Like a Life I Never Knew

A Homily for the 28th Week in Ordinary Time 2025

There is an adage that goes: “People will tend to prefer a bad certainty over a good uncertainty.” Or to put it another way: “People will tend to prefer the life they know over a life they’ve never known.”

I suggest we can see this dynamic at work in our scriptures today. Recall the story of Naaman from the 2nd Book of Kings. When Naaman, a leper, first approaches Elisha, the prophet, for healing he is told to go and plunge into the river Jordan. Naaman protests, being from Syria, he knows that the Euphrates and the Pharpar are much more impressive rivers, and since bigger is better, he would rather plunge into what is familiar than what is unfamiliar. Naaman would rather take a bad certainty over a good uncertainty and therefore, remain ill.

Now let us look at the Gospel today from Luke. Ten lepers approach Jesus and seek healing. All ten are healed, but only one returns to give thanks and so Jesus asks: “Where are the other nine?” I’ve often wondered about those other nine myself. Did they somehow not even notice their healing? Or did they take it for granted… maybe they thought somehow they “deserved” the healing. Or, could it be, they had so over-identified themselves with their illness, they were so familiar and strangely comfortable in a life of sickness, that they couldn’t fully accept the healing Christ worked in them? They were healed, but they rejected it because they didn’t know what it would mean to live a life that is more whole over a life that is half. They preferred a life they knew over a life they didn’t know.

The Franciscan spiritual writer, Richard Rohr, wrote something once that has always stayed with me because I’ve experienced it as true in my own personal relationships, in my community relationships, and in the relationships that develop in ministry. Rohr writes:

“If we do not transform our own personal pain, we will undoubtedly transmit it.”

Rohr makes clear that any unaddressed personal pain, wounds or trauma will inevitably be passed on to others and often unintentionally.

We hear in our 2nd reading today from Timothy: “The word of God is not chained.” Jesus cannot be chained, God’s desire to make each and every one of us whole, cannot be chained. But we can live as if we are chained. We can chain ourselves to “bad certainties” and inflict those bad certainties on others. We can chain ourselves to a life limited, a life half-lived and resent those who are courageous enough to live into a life they never knew.
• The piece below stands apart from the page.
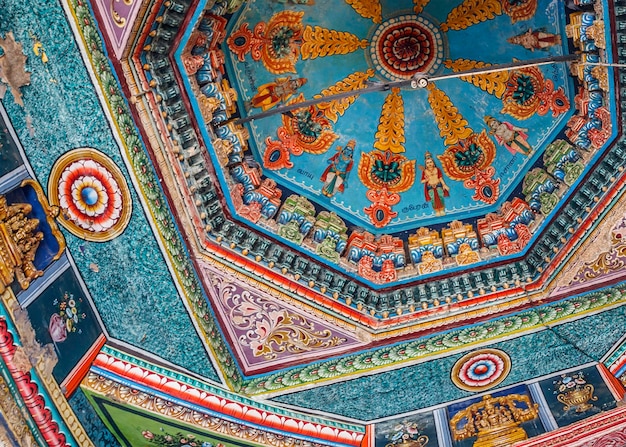 L'Inde Tamil Nadu Kumbakonam Nageshwara Temple ornement de plafond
Naaman the Syrian may have remained a leper if he would have insisted that healing can only come from what he felt was superior or familiar. As for the nine lepers, I wonder, did they somehow remain “healed but still lepers”? People so afraid of living into the wholeness Christ invited them into that they were truly healed but still insisted on living as if they were still lepers? Thereby continuing to inflict others with their fear of being fully alive?

We can “chain” ourselves to a bad certainty. We can “chain” ourselves to a life limited and half-lived, but we have to remember we don’t simply chain ourselves… we chain others right along with us.

Why would Naaman insist on the familiar? How could nine lepers possibly be so blind to their own healing? Unaddressed personal pain or personal hurt often leads to fear. And fear is contagious! Why all the violence and vitriol in the world today? I suggest it is because people are chained to their pain and therefore they transmit fear and fear fuels the fire that keeps division and hate alive.

So what’s the Good News for today? The word of God is unchained. Jesus is unchained. God’s desire that we each know the fullness of life is unchained. But we have to do the work of letting our personal hurt and pain be transformed so we can transmit healing rather than fear.

It is never too late to transform your pain so you can transmit healing. Whether you are 20 years old or 80 years young. We all have the power to abandon our bad certainties for good uncertainties. We all have it in us to surrender the half-life we live and live the life we never knew.

One thought on “Like a Life I Never Knew

  1. Maybe the other 9 didn’t trust that the healing would stick, and wanted to go home and hug their relatives for what might be the first or last time. Then when they realized that it was a permanent cure, maybe they didn’t know where Jesus was, or it was too difficult to travel to where he was and thank him. Lots of possibilities.